Face-To-Face: John Chambers Answers Your Questions

While pleased to hear that Cisco had largely mitigated that problem in the minds of partners, Chambers was not surprised that new issues had cropped up. In particular, partners this year expressed frustration with Cisco's territory managers in the field and some of their meddling ways. In short, partners say they are causing significant disruption to the flow of Cisco goods from the vendor to the end-user customers. Ever the optimist, Chambers expressed confidence in an interview with VARBusiness that his company would successfully address this year's issues.

As we did last year when we produced a package we called "John Chambers & You," VARBusiness editors Robert C. DeMarzo and T.C. Doyle asked Chambers questions posed directly by real partners from the field. First up for this year's edition of "John Chambers & You, the Sequel," was a question that sought an answer on how Chambers felt his company addressed the problem that was causing a near-mutiny one year ago. In the pages that follow, Chambers answers the question about telco product dumping, as well as others that were contributed directly from readers.

CHANNEL CONFLICT WITH SERVICE PROVIDERS
Q: Last year when we sat with you, a number of partners said, "Cisco is struggling with its big service providers, who are effectively dumping product in the market. It's making our lives really tough in terms of competing for business and pressuring our gross profits." Where are you with that issue?
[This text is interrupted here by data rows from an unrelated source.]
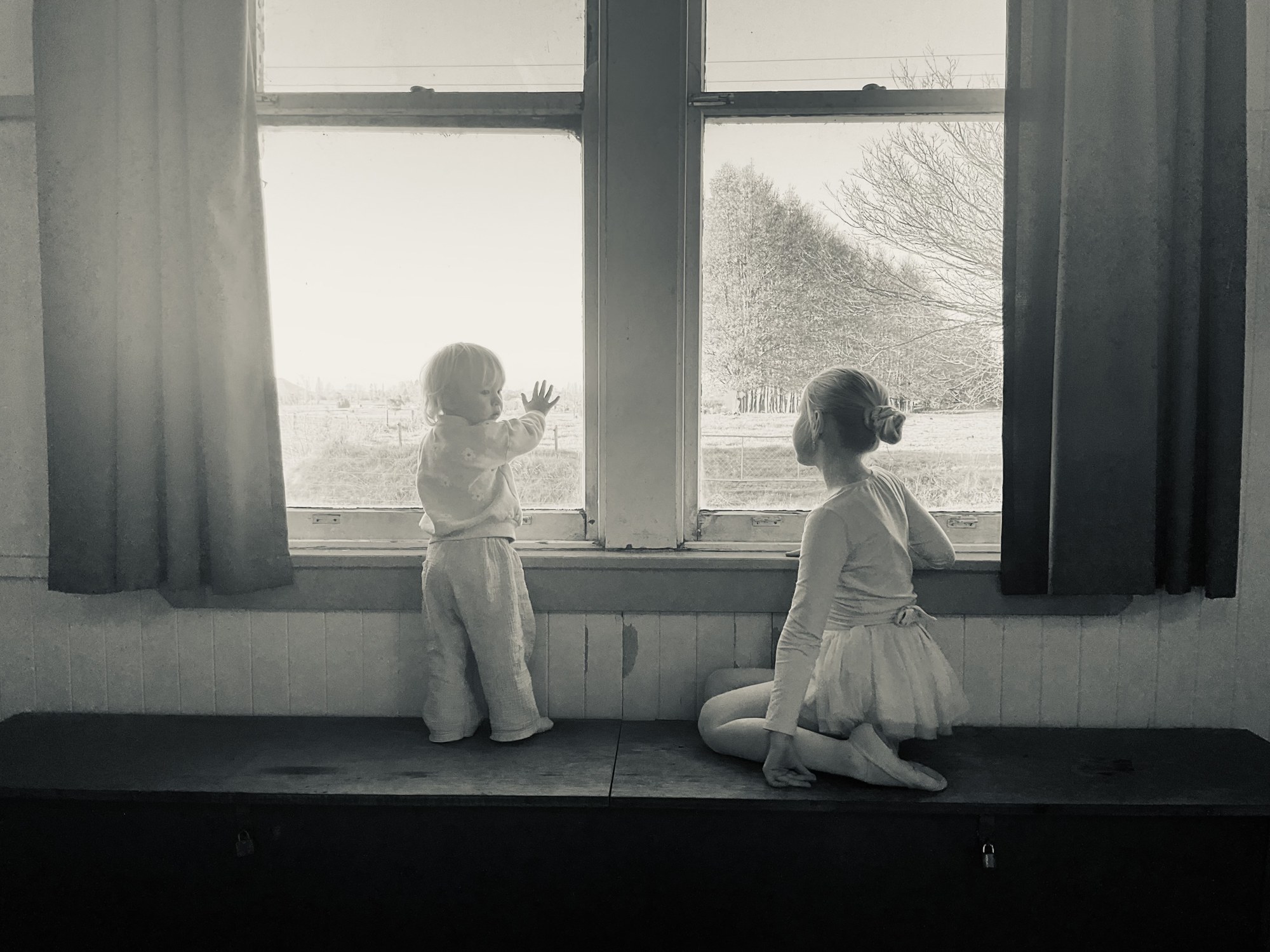 Two young children in ballet clothes looking through a sunlit hall window.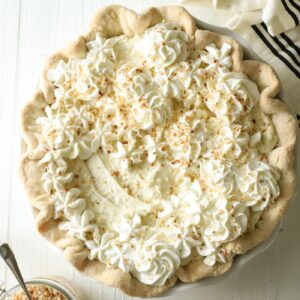whole coconut cream pie with a small amount of whipped cream on top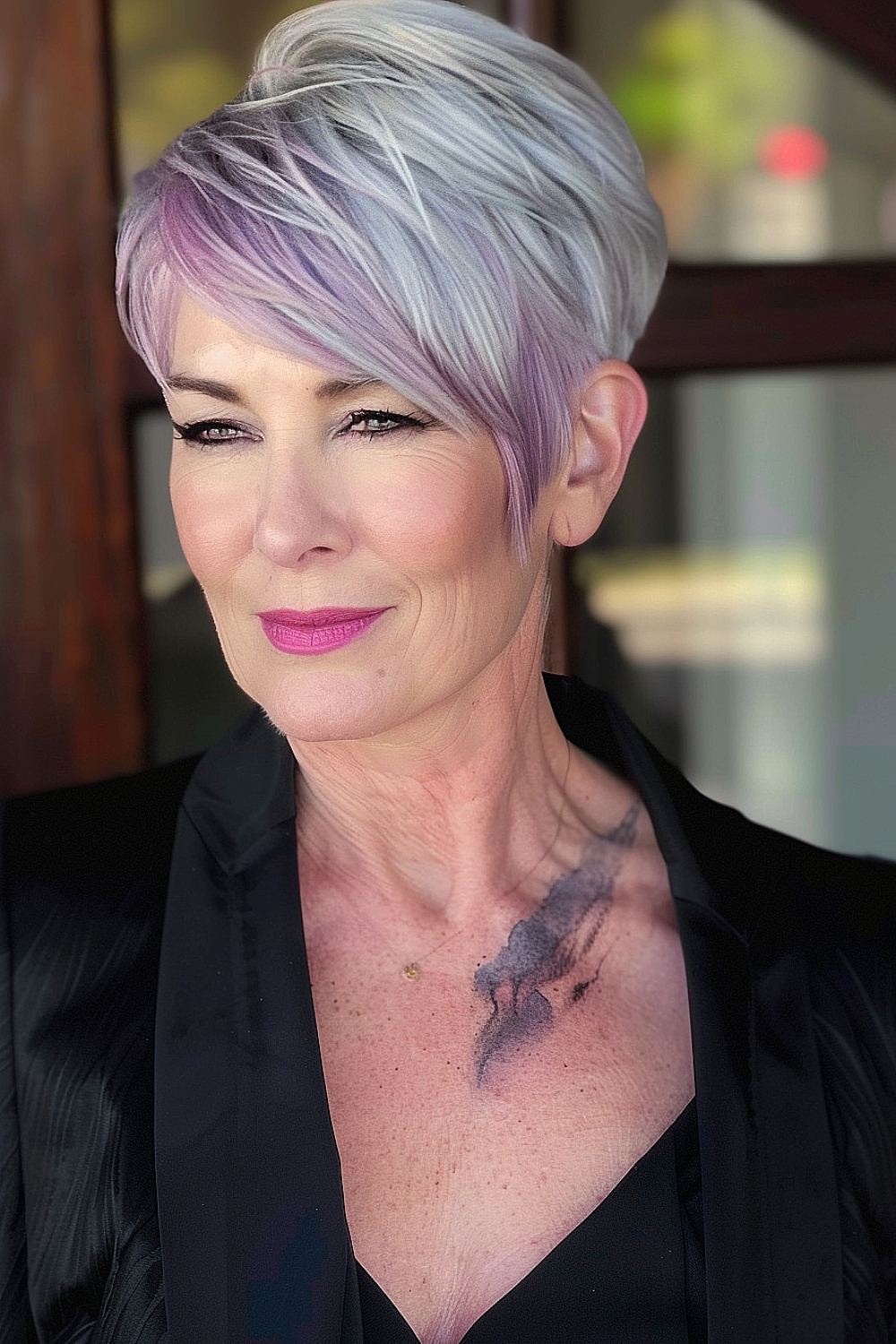 Woman with a bold pixie haircut featuring a deep side part and lavender highlights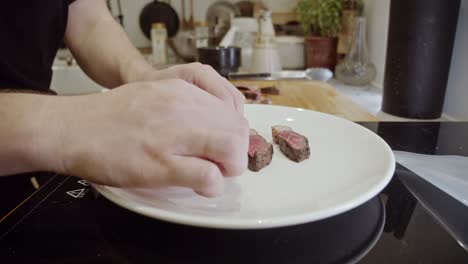 Lay-out-pieces-of-steak-onto-a-white-plate
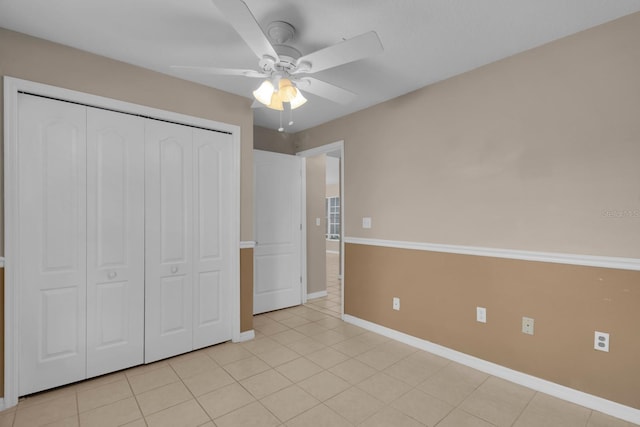 unfurnished bedroom with light tile patterned floors, a closet, a ceiling fan, and baseboards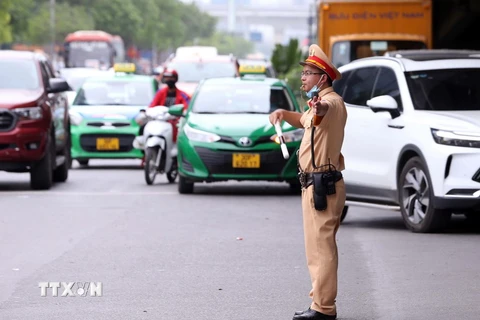 Lực lượng CSGT số 6 Công an thành phố Hà Nội chủ động phân luồng và điều tiết giao thông tại khu vực Bến xe Mỹ Đình. (Ảnh: Phạm Kiên/TTXVN)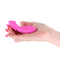 Techno Lucy App Controlled Magnetic Panty Vibe Magenta held in a hand, showcasing its sleek design and vibrant color.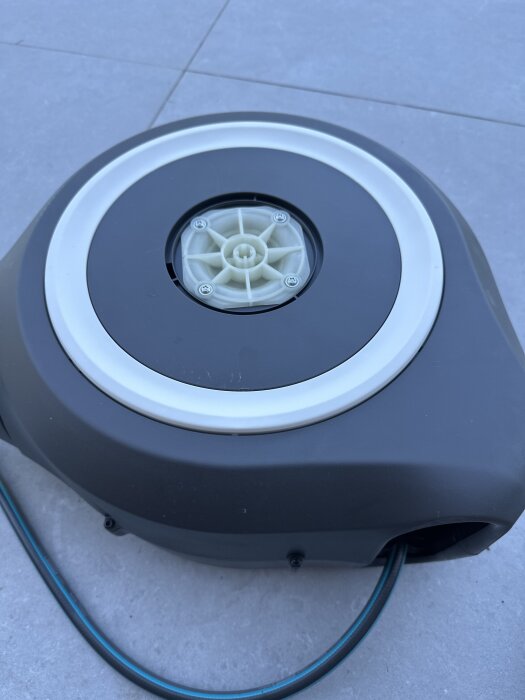 Slangvinda med synlig säkerhetstorx och slangfäste på stengolv.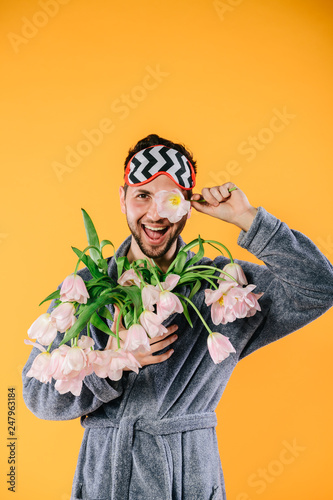 bouquet of tulips in hand on white background close-up. Concept 8 March, international women's day. Valentine's Day. Smart young man at Valentine's day. Concepts. Love - Image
A: I attended a Gold partner luncheon recently and the Gold partners gave us very, very positive feedback. In fact, they said they hope we'll do as well next year with the issues that we raise this year. [The problem] was primarily with two of our large service providers. Even though they produced an awful lot of revenue and we were involved in a number of other areas, it was the right thing to do for our channels and the right thing for us to do for our customers. So, I think most people would give us very good grades on both stepping up [to the problem] and the results they have seen.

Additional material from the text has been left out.